Jika tiap tahun terjadi pergeseran pantai sejauh satu meter, maka perkiraan perahu tersebut telah terdampar selama 1.000 tahun. Penduduk sekitar menemukan perahu tersebut pada tahun 2008.

Asal–Usul Perahu Kuno Di Kota Rembang

Pada masa itu, penduduk pesisir pantai Punjulharjo menggali tanah pada kedalaman dua meter untuk membuat tambak secara tidak sengaja menemukan perahu kuno. Lokasi ditemukannya perahu tersebut berjarak 500 meter dari pantai.

Kemudian, Tim Balai Arkeologi Yogyakarta meneliti perahu kuno di Rembang. Sampel kayu perahu tersebut dikirim ke Amerika Serikat untuk di teliti kembali dengan teknologi carbon dating.

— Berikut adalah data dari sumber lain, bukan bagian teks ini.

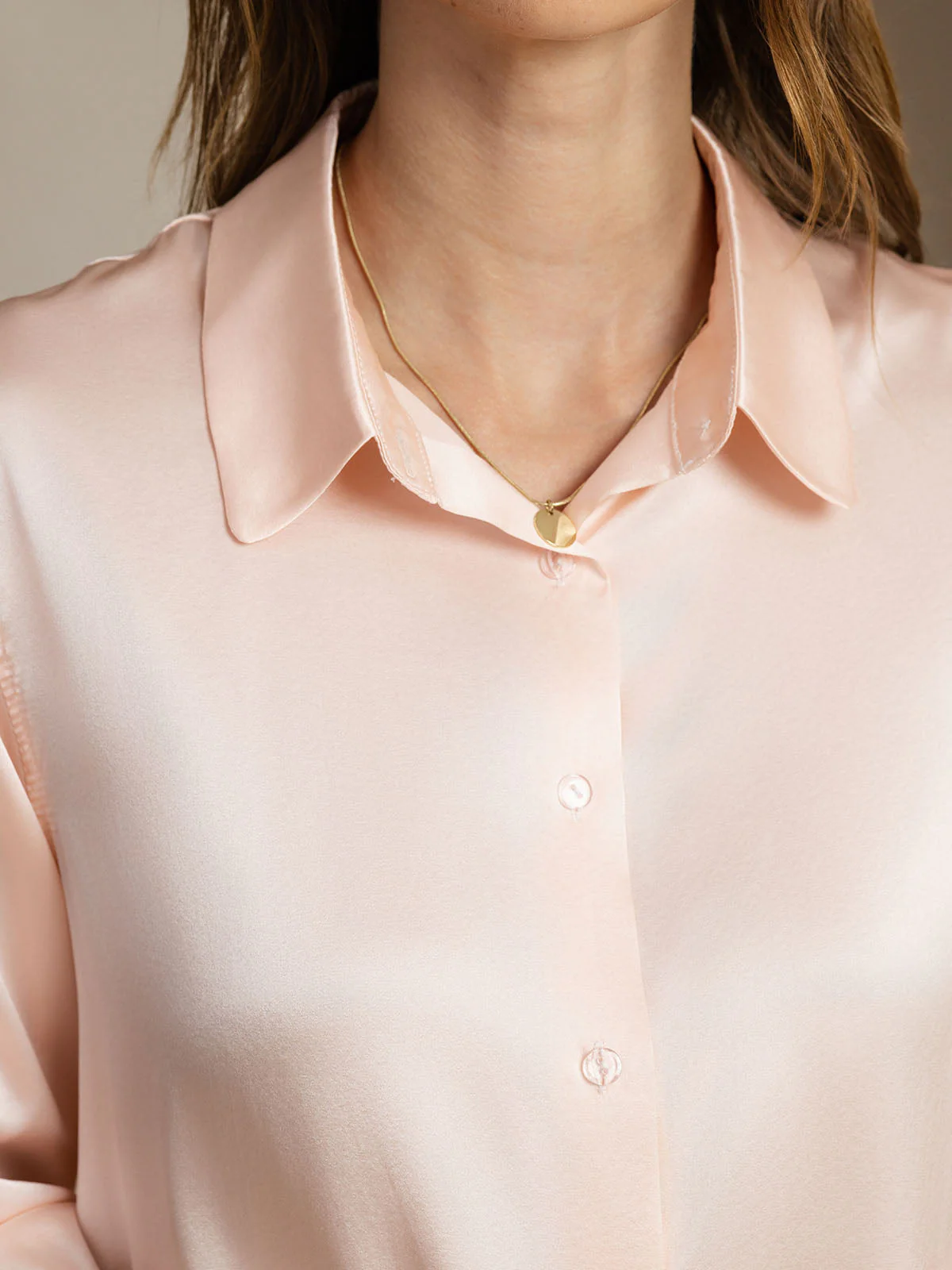 19Momme Silk Long Sleeve Lapel Collar Women's Shirt with Button Up Design - Image 128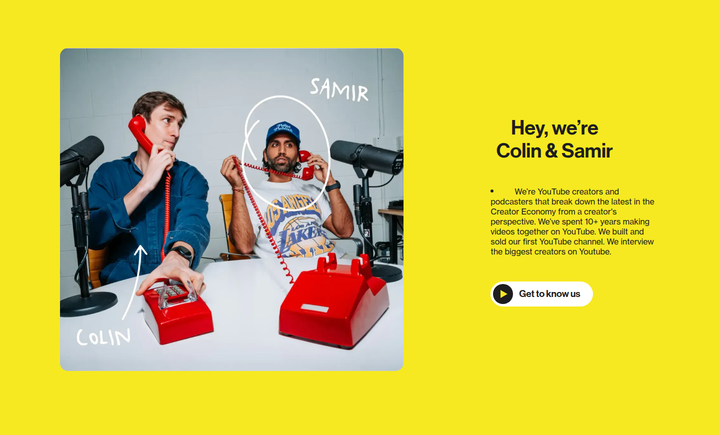 Hey, We're Colin & Samir section from Colin & Samir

Dari alat tersebut dapat diketahui bahwa perahu tersebut berukuran 15,2 x 47 meter berasal dari abad ketujuh Masehi. Dari hasil penelitian tersebut menjadikan perahu kuno sebagai situs arkeologi tertua di Indonesia.

Bahkan situs perahu kuno lebih tua dibandingkan dengan Candi Borobudur yang dibangun pada abad kesembilan Masehi.

Tak hanya itu, Tim Balai Arkeologi Yogyakarta juga melakukan penelitian dengan menganalisis sampel tali ijuk perahu. Hasilnya, perahu kuno tersebut berasal sejak abad ketujuh sampai kedelapan Masehi (antara kurun waktu 660–780 Masehi).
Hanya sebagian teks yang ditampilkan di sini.